Archaeology magazine recently published an article entitled “Telling Tales in Proto-Indo-European”, which included a recording of a short text in Proto-Indo-European (PIE), the ancestor of modern languages in Europe and parts of Asia. This recording, made by Dr. Andrew Byrd of the University of Kentucky, a student of UCLA’s Indo-European expert H. Craig Melchert, drew considerable attention in the media (see here, here, and here). The text read by Byrd is a short parable called “The Sheep and the Horses”, which was originally written by a German philologist August Schleicher in 1868, as a way to experiment with the reconstructed PIE vocabulary. Here is the English translation of the story (which may sound familiar to people who watched the movie Prometheus):

A sheep that had no wool saw horses, one of them pulling a heavy wagon, one carrying a big load, and one carrying a man quickly. The sheep said to the horses: “My heart pains me, seeing a man driving horses.” The horses said: “Listen, sheep, our hearts pain us when we see this: a man, the master, makes the wool of the sheep into a warm garment for himself. And the sheep has no wool.” Having heard this, the sheep fled into the plain.

Note that the vocabulary used in the parable—particularly, words for ‘wool’, ‘horse’, ‘wagon’, and ‘carrying’— places PIE firmly into the period of the “secondary products revolution”, that is not much earlier than 4000 BCE (or 6,000 years ago), contrary to the Anatolian theory recently advocated by Russell Gray, Quentin Atkinson and their co-authors (Bouckaert et al. 2012).

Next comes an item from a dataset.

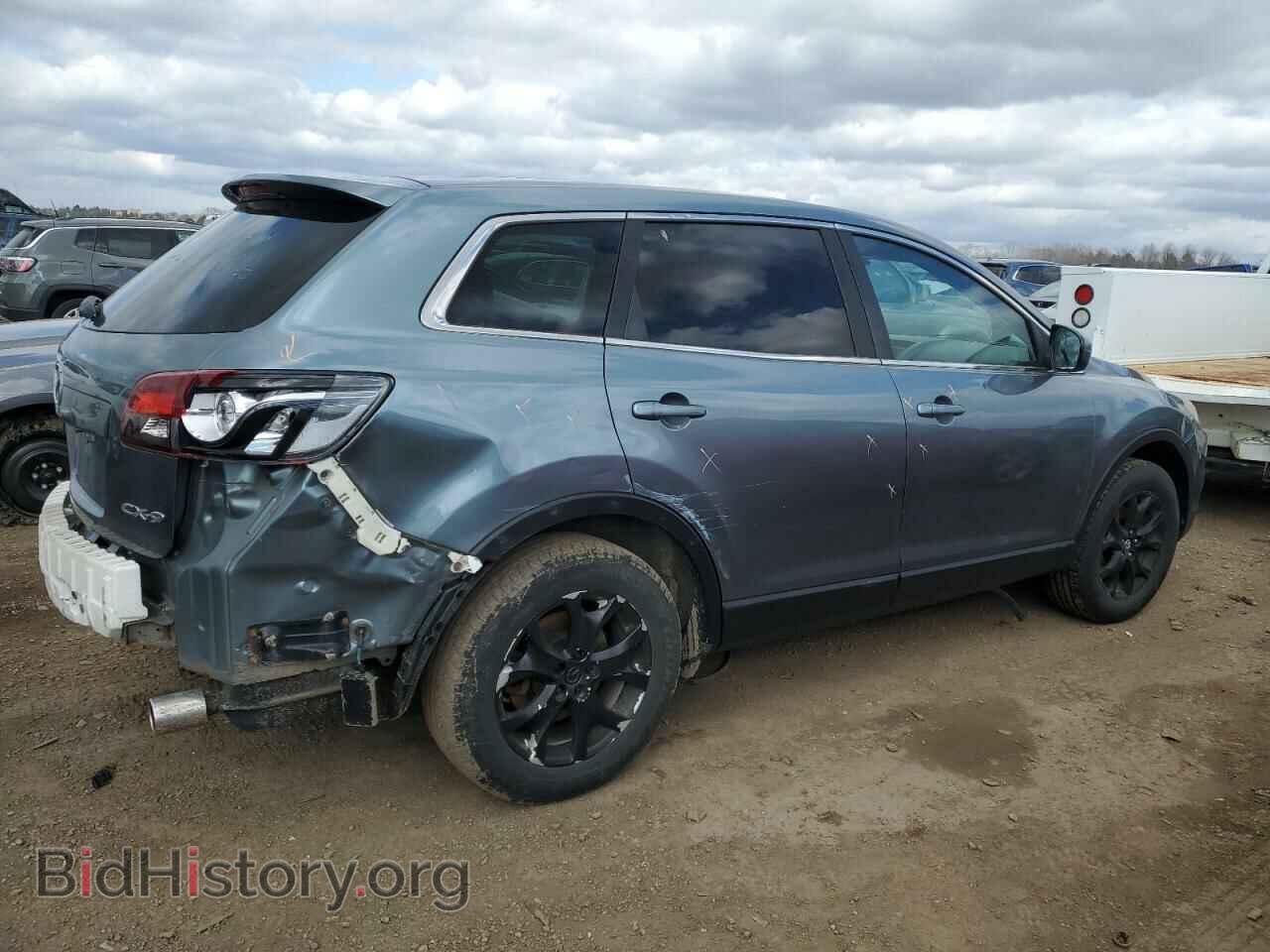 2013 MAZDA CX-9 - VIN: JM3TB2CA4D0411244 - Фото 3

Although a number of media reports presented Byrd’s recording as the first attempt at reconstructing what PIE sounded like, debates about the nature of the PIE sound system have been raging since the mid-1800s. As Byrd himself notes, his own recent recording is “a very educated approximation” based on the Glottalic theory of PIE, accepted by some but not all Indo-European scholars. He further admits, “since there is a considerable disagreement among scholars about PIE, no one version can be considered definitive”; the only way to know for sure what PIE sounded like, he quips, is to have a time machine.

The PIE recording produced for the Archeology magazine is by no means the only attempt to reconstruct the pronunciation of historical dialects or even of long-dead languages. But how can we know how anything was pronounced in periods before sound recording? Unfortunately, there are only three reliable ways to know how a language—any language!—sounds: to listen to a native speaker pronouncing it; to listen to a recording of a native speaker making the same sounds; or to know the position of the tongue and mouth used when speaking the language. Obviously, when it comes to languages of the past, the first two methods cannot be applied and the third is rarely applicable.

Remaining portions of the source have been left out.